## Directions:
Below are lines of data; restate word for word those running from the line containing "37137 LOIS AVE, ZEPHYRHILLS, FL, 33542" to the line containing "adidas ジャケット トラックジャケット", inclusive, and no others.

━━━ Task material ━━━

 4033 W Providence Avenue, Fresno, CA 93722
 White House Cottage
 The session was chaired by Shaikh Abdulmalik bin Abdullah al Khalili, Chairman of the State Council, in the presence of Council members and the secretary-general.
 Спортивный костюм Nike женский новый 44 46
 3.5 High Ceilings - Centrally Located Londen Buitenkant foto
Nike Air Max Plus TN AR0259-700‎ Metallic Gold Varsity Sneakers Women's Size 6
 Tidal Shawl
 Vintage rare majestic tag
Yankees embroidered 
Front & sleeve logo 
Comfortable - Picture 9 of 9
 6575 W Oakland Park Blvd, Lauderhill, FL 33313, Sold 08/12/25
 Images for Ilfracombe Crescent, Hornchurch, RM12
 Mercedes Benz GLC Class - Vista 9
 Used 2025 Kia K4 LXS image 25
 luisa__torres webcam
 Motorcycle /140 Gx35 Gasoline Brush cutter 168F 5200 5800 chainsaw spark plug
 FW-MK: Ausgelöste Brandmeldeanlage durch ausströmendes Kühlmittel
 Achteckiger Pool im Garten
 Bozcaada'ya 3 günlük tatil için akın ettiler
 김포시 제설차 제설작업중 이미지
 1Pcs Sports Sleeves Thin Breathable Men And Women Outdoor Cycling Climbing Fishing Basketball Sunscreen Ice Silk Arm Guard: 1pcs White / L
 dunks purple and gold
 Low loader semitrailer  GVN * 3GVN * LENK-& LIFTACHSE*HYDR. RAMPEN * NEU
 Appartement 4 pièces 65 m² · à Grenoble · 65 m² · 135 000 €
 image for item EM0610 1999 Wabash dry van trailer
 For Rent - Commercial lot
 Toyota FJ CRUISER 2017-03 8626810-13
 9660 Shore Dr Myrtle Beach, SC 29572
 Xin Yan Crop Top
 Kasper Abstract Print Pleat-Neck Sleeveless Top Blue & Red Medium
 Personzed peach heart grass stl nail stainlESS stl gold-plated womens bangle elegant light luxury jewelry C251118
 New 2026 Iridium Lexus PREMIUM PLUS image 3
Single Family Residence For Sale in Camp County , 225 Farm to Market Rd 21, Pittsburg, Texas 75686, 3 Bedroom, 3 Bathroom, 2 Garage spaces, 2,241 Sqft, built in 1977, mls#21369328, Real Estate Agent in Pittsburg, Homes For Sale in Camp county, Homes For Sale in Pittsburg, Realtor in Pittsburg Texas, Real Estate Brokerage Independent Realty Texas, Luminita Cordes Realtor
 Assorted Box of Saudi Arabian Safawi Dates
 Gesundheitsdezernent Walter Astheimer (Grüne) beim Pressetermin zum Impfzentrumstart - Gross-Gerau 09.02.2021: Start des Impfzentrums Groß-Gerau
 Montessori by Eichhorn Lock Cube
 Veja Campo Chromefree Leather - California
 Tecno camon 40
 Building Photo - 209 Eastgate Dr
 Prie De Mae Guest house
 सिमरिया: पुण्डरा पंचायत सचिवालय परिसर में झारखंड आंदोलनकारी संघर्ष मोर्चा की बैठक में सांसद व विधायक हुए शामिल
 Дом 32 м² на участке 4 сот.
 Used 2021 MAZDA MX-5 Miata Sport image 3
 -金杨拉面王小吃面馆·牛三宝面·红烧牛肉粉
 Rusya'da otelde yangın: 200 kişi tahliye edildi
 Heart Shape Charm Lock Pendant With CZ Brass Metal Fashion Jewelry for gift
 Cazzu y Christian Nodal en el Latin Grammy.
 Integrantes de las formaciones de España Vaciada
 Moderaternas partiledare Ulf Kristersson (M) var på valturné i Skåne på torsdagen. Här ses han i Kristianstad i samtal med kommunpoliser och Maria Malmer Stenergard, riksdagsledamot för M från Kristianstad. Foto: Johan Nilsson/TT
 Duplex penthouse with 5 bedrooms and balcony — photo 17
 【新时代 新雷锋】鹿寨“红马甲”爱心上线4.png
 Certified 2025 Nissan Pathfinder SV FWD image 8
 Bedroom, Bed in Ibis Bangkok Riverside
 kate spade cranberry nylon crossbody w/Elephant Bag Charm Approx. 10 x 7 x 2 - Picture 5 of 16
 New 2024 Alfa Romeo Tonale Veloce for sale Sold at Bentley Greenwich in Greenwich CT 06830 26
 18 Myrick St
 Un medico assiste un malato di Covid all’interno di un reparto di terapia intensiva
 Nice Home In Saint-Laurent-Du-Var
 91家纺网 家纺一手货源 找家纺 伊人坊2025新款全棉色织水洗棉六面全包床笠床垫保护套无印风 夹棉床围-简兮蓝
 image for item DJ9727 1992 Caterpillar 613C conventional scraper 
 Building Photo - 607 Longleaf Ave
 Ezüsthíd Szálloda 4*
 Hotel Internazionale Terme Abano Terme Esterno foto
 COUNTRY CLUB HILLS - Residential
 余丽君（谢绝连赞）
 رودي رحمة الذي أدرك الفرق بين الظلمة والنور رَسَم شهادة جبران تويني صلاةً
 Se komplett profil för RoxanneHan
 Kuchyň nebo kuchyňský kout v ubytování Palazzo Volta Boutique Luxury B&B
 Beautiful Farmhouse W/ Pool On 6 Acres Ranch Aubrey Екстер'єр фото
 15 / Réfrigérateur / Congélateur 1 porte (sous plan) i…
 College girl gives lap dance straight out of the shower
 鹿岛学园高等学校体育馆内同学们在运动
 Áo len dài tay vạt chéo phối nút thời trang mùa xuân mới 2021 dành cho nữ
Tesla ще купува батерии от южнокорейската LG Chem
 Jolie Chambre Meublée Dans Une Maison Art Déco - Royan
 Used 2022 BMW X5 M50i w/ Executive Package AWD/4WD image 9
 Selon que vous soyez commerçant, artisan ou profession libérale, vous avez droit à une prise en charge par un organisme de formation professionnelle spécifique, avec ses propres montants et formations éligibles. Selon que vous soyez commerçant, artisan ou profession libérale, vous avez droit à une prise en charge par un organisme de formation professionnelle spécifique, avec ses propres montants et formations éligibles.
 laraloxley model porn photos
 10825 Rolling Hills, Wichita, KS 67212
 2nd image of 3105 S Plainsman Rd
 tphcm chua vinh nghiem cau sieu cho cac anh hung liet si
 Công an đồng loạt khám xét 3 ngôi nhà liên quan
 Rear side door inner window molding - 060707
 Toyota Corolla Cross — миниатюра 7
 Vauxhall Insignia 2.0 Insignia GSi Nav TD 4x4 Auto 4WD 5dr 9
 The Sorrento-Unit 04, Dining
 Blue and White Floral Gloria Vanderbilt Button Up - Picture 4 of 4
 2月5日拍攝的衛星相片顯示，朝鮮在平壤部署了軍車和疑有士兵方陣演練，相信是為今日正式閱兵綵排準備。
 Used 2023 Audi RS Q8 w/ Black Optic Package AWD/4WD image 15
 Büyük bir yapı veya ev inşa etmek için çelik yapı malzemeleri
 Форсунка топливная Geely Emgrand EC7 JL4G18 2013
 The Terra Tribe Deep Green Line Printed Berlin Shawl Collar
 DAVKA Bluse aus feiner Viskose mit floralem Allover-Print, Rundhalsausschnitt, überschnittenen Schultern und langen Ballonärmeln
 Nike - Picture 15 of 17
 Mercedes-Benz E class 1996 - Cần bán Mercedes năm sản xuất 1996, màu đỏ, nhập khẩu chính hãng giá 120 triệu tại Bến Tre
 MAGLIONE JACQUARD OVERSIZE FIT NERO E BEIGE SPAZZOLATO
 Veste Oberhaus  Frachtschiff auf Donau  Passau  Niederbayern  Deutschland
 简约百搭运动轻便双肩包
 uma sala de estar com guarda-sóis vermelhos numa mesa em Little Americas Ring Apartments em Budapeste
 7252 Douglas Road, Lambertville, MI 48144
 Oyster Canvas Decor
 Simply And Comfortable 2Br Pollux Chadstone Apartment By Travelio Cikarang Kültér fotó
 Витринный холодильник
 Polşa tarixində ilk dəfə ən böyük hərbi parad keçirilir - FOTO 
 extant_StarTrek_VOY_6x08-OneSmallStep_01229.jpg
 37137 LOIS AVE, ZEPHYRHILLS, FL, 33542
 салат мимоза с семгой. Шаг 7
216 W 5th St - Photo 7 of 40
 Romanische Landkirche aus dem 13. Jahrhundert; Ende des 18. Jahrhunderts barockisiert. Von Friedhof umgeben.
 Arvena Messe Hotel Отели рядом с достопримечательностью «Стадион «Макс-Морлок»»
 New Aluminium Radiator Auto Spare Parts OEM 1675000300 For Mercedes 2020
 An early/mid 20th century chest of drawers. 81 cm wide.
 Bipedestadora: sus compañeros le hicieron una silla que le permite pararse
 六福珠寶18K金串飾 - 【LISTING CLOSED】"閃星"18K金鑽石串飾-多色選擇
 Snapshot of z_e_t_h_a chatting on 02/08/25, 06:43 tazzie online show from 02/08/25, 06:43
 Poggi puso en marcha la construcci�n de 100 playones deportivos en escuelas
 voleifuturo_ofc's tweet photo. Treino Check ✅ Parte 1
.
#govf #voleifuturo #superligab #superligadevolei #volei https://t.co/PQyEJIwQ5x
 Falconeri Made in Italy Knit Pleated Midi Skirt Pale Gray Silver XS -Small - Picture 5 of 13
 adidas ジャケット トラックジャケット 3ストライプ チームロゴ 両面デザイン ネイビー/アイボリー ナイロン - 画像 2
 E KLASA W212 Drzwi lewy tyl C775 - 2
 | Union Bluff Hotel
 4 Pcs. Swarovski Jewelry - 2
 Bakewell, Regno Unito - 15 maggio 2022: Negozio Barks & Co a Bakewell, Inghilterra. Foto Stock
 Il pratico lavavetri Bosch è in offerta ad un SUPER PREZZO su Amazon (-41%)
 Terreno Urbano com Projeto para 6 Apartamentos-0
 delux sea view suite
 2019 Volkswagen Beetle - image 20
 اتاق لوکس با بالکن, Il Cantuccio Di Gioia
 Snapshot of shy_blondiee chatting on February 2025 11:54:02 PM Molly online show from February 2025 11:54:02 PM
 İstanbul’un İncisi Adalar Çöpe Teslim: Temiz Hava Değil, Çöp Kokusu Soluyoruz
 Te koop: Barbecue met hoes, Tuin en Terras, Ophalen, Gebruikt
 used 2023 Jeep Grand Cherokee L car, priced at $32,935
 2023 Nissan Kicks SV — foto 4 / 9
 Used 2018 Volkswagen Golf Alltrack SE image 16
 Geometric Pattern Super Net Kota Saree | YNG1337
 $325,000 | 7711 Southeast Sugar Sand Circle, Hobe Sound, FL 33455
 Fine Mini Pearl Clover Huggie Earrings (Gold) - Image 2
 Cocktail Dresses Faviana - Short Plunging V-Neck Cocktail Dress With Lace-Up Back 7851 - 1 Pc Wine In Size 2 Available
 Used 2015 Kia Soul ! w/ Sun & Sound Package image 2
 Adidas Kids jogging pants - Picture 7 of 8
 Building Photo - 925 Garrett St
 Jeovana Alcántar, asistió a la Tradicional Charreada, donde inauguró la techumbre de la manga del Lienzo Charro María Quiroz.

━━━

## Your response:
 37137 LOIS AVE, ZEPHYRHILLS, FL, 33542
 салат мимоза с семгой. Шаг 7
216 W 5th St - Photo 7 of 40
 Romanische Landkirche aus dem 13. Jahrhundert; Ende des 18. Jahrhunderts barockisiert. Von Friedhof umgeben.
 Arvena Messe Hotel Отели рядом с достопримечательностью «Стадион «Макс-Морлок»»
 New Aluminium Radiator Auto Spare Parts OEM 1675000300 For Mercedes 2020
 An early/mid 20th century chest of drawers. 81 cm wide.
 Bipedestadora: sus compañeros le hicieron una silla que le permite pararse
 六福珠寶18K金串飾 - 【LISTING CLOSED】"閃星"18K金鑽石串飾-多色選擇
 Snapshot of z_e_t_h_a chatting on 02/08/25, 06:43 tazzie online show from 02/08/25, 06:43
 Poggi puso en marcha la construcci�n de 100 playones deportivos en escuelas
 voleifuturo_ofc's tweet photo. Treino Check ✅ Parte 1
.
#govf #voleifuturo #superligab #superligadevolei #volei https://t.co/PQyEJIwQ5x
 Falconeri Made in Italy Knit Pleated Midi Skirt Pale Gray Silver XS -Small - Picture 5 of 13
 adidas ジャケット トラックジャケット 3ストライプ チームロゴ 両面デザイン ネイビー/アイボリー ナイロン - 画像 2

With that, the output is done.